Do post more reviews. :)

Thanks! I will do so. Mostly I look to post reviews for series that have not come over to America yet.

Scorch
 

I just recently got into the fansubbed anime scene last week, and Samurai 7 was the first series I started to watch. I have seen 3 or 4 episodes so far, and I really like it.

As the guy who told me about the fansub stuff said, "I feel like playing a Warforged Samurai for some reason now." :D

-A
 

Scorch said:
Thanks! I will do so. Mostly I look to post reviews for series that have not come over to America yet.

Scorch

Scorch- I look forward to your reviews! So far, I have been a fairly mainstream Anime sort of guy, and I'm looking to broaden my Anime-watching habits. :)

-A
 

Anthraxus said:
Scorch- I look forward to your reviews! So far, I have been a fairly mainstream Anime sort of guy, and I'm looking to broaden my Anime-watching habits. :)

-A

Well then, I can't recommend Newtype USA magazine highly enough. They take the Japanese version and pretty much translate it over so you get to see articles on series currently playing in Japan (along with spoiler tags which is a nice touch). I usually see an article on a series playing in Japan then go out and visit the Japanese web page to look at a sample movie. If I like what I see I then see if anyone is fan subbing it. Usually I find the first four to eight episodes have already been done by one or two competing fan sub groups.

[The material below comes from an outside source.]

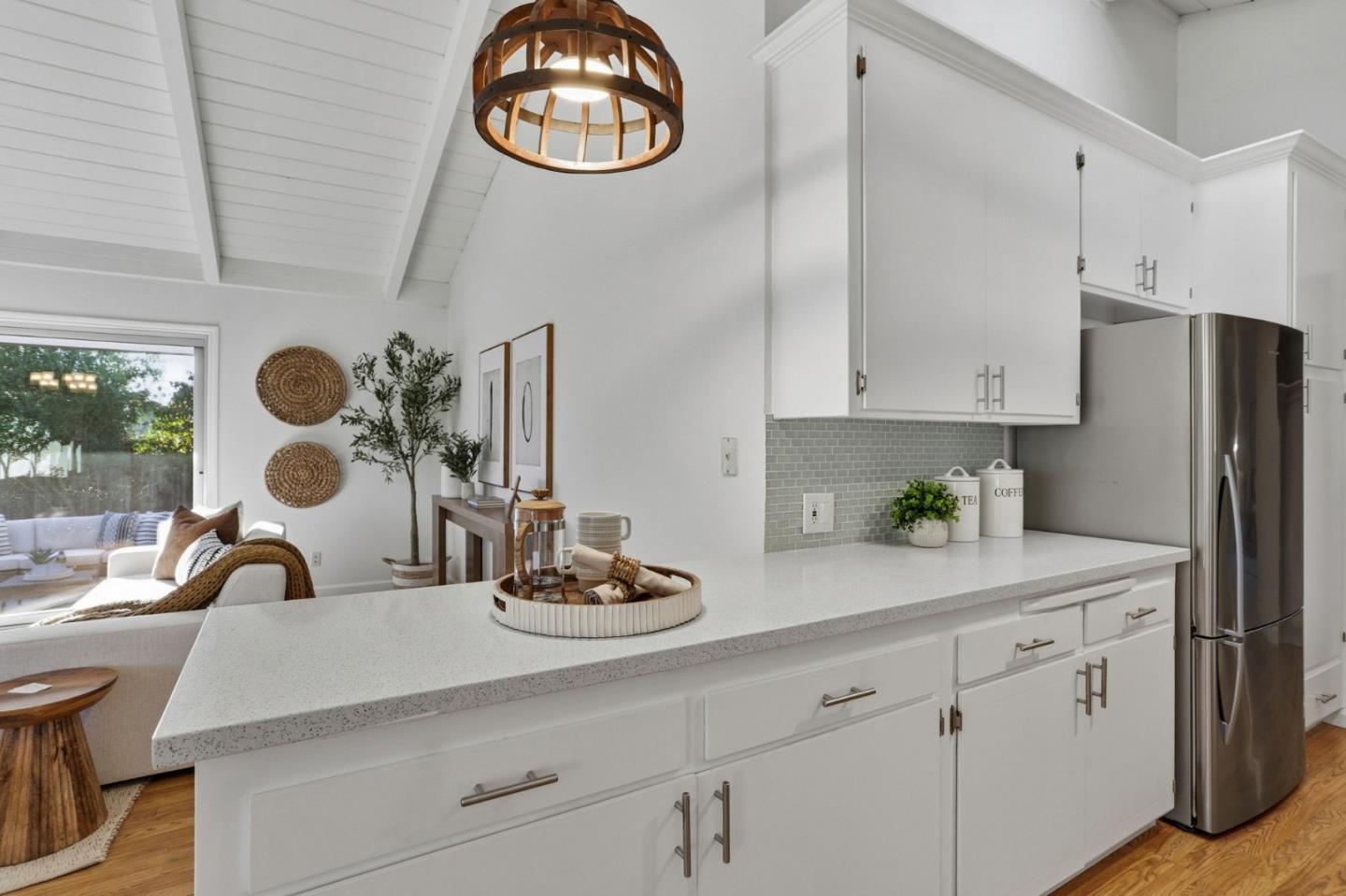 2119 Burr Court Santa Cruz, CA 95062 - Photo 16 of 38 a kitchen with a sink cabinets and window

My only worry is that I am not sure if they are still packing a preview DVD in the magazine for subscribers. I know they are removing it for the newstand version.

Scorch
 

Krug said:
Cool. Extending the whole Seven Samurai concept to a series stretches things a bit thin though.

Do post more reviews. :)
No, it really doesn't. You have to consider that the original movie was some 206 minutes....over three-and-a-half HOURS. That's a whole LOT of material.

Now, consider the fact that the recruitment of the samurai is relatively quick in the movie, and that the villains of the piece, the bandits, are totally undeveloped. I can easily see the series stretched to 26 episodes, based on the first five that I've seen.

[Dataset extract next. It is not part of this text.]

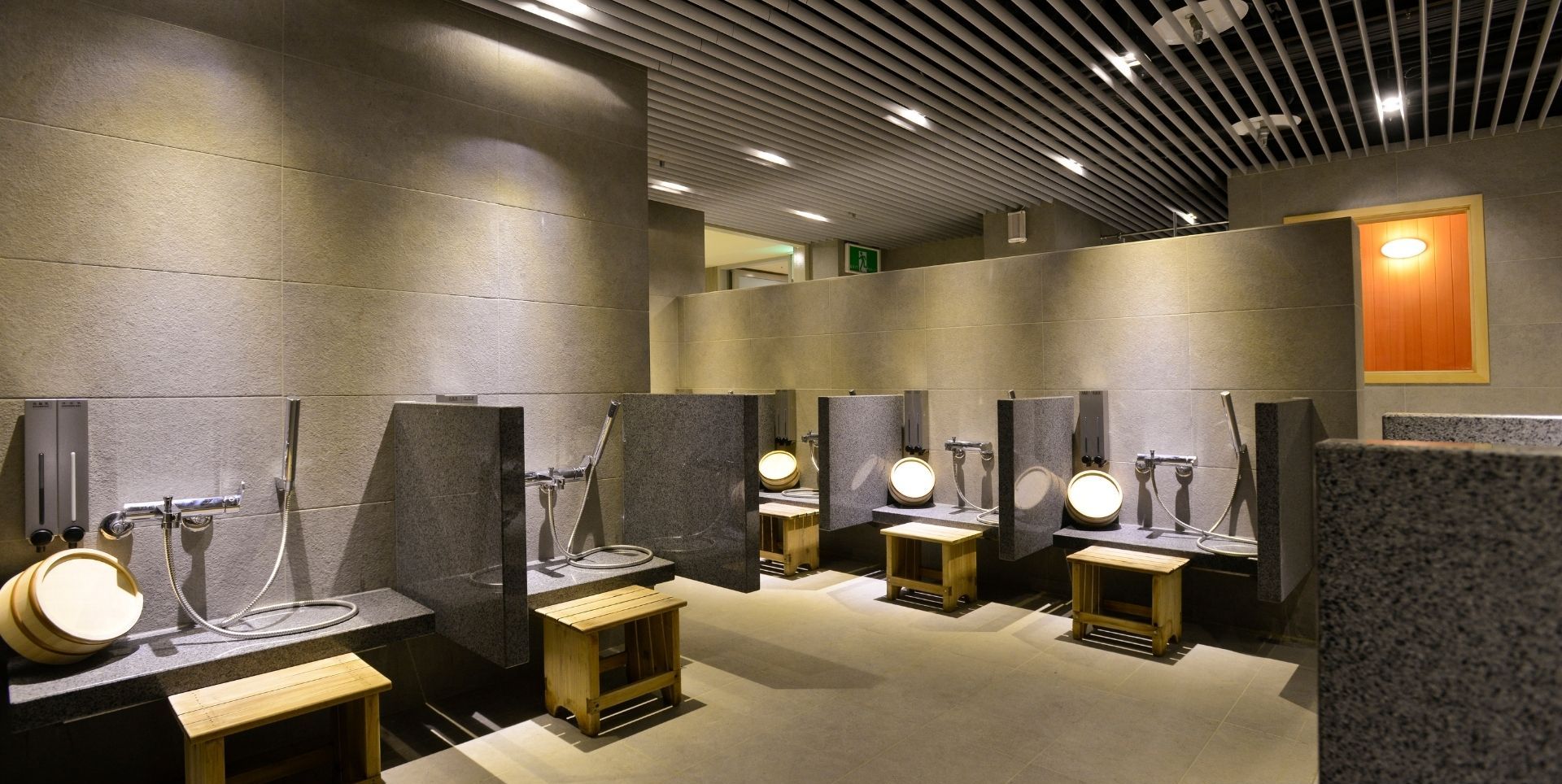 A public hot spring shower area with multiple wooden benches and individual wash stations.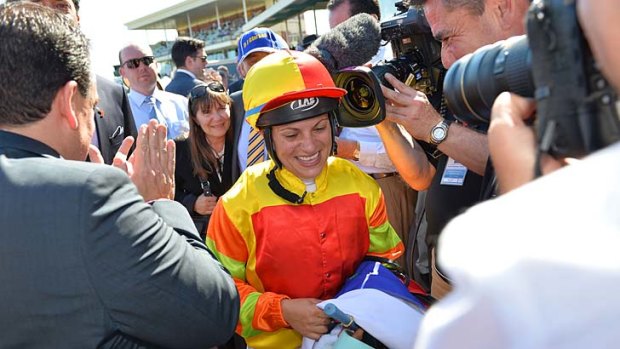 It's a miracle: Lauren Stojakovic is mobbed after winning the Blue Diamond on Saturday.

My initial fear was that it would have some relation to Seven Samurai: 20XX or whatever the PS/2 game that was recently released was...which has gotten nearly universally horrible reviews. As it happens, there is absolutely no linkage...in fact, the video game only features a single character from the movie, Kanbei, in an altered form.

Several things tickled me pink about this series. First, they kept the original characters, and while different interpetations of those characters, they are still the same at their core. Gorobei still appears to be on the fast track as my favorite character, for example, and the relationship between Kanbei and Katsushiro is cleanly intact. Second, whole chunks of dialogue and elements have been transposed into this interpetation. Some lines are directly taken from the source movie (such as the "You're worrying about your beard, while the bandits cut your head off at the neck" line). One of my favorite scenes, where they test Gorobei at the doorway, is kept virtually intact.

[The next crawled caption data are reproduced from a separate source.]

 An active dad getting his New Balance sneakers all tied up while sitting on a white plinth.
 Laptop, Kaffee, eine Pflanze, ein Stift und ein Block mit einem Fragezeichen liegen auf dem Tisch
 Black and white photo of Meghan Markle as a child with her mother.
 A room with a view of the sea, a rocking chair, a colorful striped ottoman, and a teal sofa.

So how do they make it last more than five episodes? Easy. First, as I mentioned, they extend the recruitment significantly. Gorobei doesn't even appear until the third episode or so, Heihachi until the fifth. Second, they add a few new characters, such as Kirara. They introduce new elements consistent with the source work. The emphasis on Samurai being proud paupers is strongly reinforced here, with many starving samurai denoucing the noble peasants while taking a free meal. The rise of the merchant class and devaluing of the samurai is a strong element, and Kikuchiyo's 'how long did it take to harvest this rice? You don't know, do you?' lines are stretched out a ways.

All that said, there is some serious butt-kicking going on, as well. Chambara elements don't overshadow the series, but they support it well. Cyborg warriors, a wacky mixture of high-tech and low-tech and the Edo-era shogunate meets Final Fantasy make for a virtual smorgasbord of delights. The animation is just beautiful, and the story is well written. As Scorch alluded to, some of Gonzo's CGI work is just masterful here, taking some of the visuals to a new height. As a big fan of the original movie, I can appreciate how the effort was made to be faithful to the spirit, if not the details.

I mean, I like the Kanbei from the series, but I still liked the venerable Takashi Shimura as the movie version more (who is the same actor who plays the main character in Ikiru, in case you were curious). To me, he embodies the elder master samurai perfectly, in the same way that the incomporable Toshiro Mifune represented the Angry Samurai (or the seemingly-indifferent-but-really-not Samurai of Yojimbo).